As he tells the monster, "I've known forever she wasn't going to make it, almost from the beginning. She said she was getting better because that's what I wanted to hear. And I believed her. Except I didn't" (30.6). See, sometimes parents think they're protecting their kids by lying to them, but in reality, they're often doing them even more damage. Prolonging sadness just makes it hurt more when you finally feel it. And while he may deny it until the very end of the book, Conor's smarter than he seems: he knows the truth, which is why he's so bent on denying it.
Conor's got some major denial skills, but we can't forget to add invisibility to his bag of tricks.
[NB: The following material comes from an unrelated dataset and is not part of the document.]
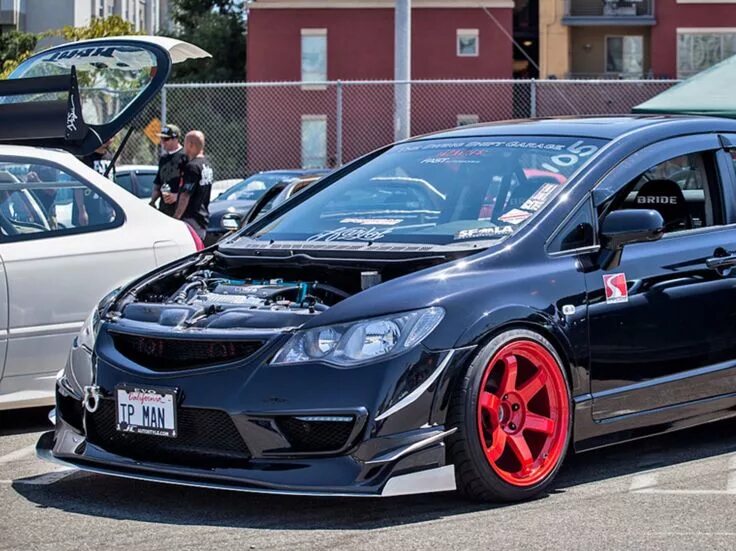 Клуб тюнинга хонда FD2 with canards, lower spoiler, Mugen RR lip fog/DRLs Honda civic si, Honda civ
Only in this case, invisibility is not exactly a superpower. It's more like a heavy burden that Conor carries everywhere.
See, Conor's not actually invisible. Everyone just treats him like he is because they don't want to set him off. He's fragile. But the problem is, when everyone's worried about how you might react because your mom's got cancer, the easiest way to deal is just to ignore you altogether.
But here comes the irony: Conor's invisibility at school is just another reminder to Conor that his mom's not long for the world. He can't help but notice that folks are treating him differently, and because he's a smart kid, he knows why.
So the real question is, if everyone treats you like you're invisible, how can you make them see you? One possible answer: you generate a monster inside yourself to make doing the dirty work a little more bearable. It's easier to (a) deal with a dying parent and (b) lay the smack down on people you don't like if you invent an alter ego so it's not all on your shoulders. Which is exactly what our monster does for Conor.
When he throws some WWF-style moves on Harry, he thinks he's finally done something bad enough to be punished, which means being treated like everybody else, which means that at least something will the way it used to be: "He was going to be punished. It was finally going to happen. Everything was going to make sense again" (24.38). So when the headmistress says, "How could I do that and still call myself a teacher? With all that you're going through […]" (24.43), Conor's foiled again. He's doomed to keep living in his horrible world where denial and invisibility rule the day.
That is, until the monster teaches him a lesson.
If Conor were a character on the cult classic Strangers With Candy (and we should all be so lucky), this would be the time when the after-school-special music starts playing and he tells us the important lesson he's learned.
See, by the end of the novel, Conor has come to understand that though the truth hurts, it also sets you free (how's that for a cliché bomb?). Conor may not want to let his mom go, but once he does, he'll be able to live a life that goes beyond denial and grief. And, best of all, he'll finally get a good night's sleep.
This heart wrenching quote says it all: "He faintly felt the huge hands of the monster pick him up, forming a little nest to hold him. He was only vaguely aware of the leaves and branches twisting around him, softening and widening to let him lie back" (30.18). Once Conor's finally found the courage to tell his truth, he can rest, because his journey to honesty was also a journey to peace.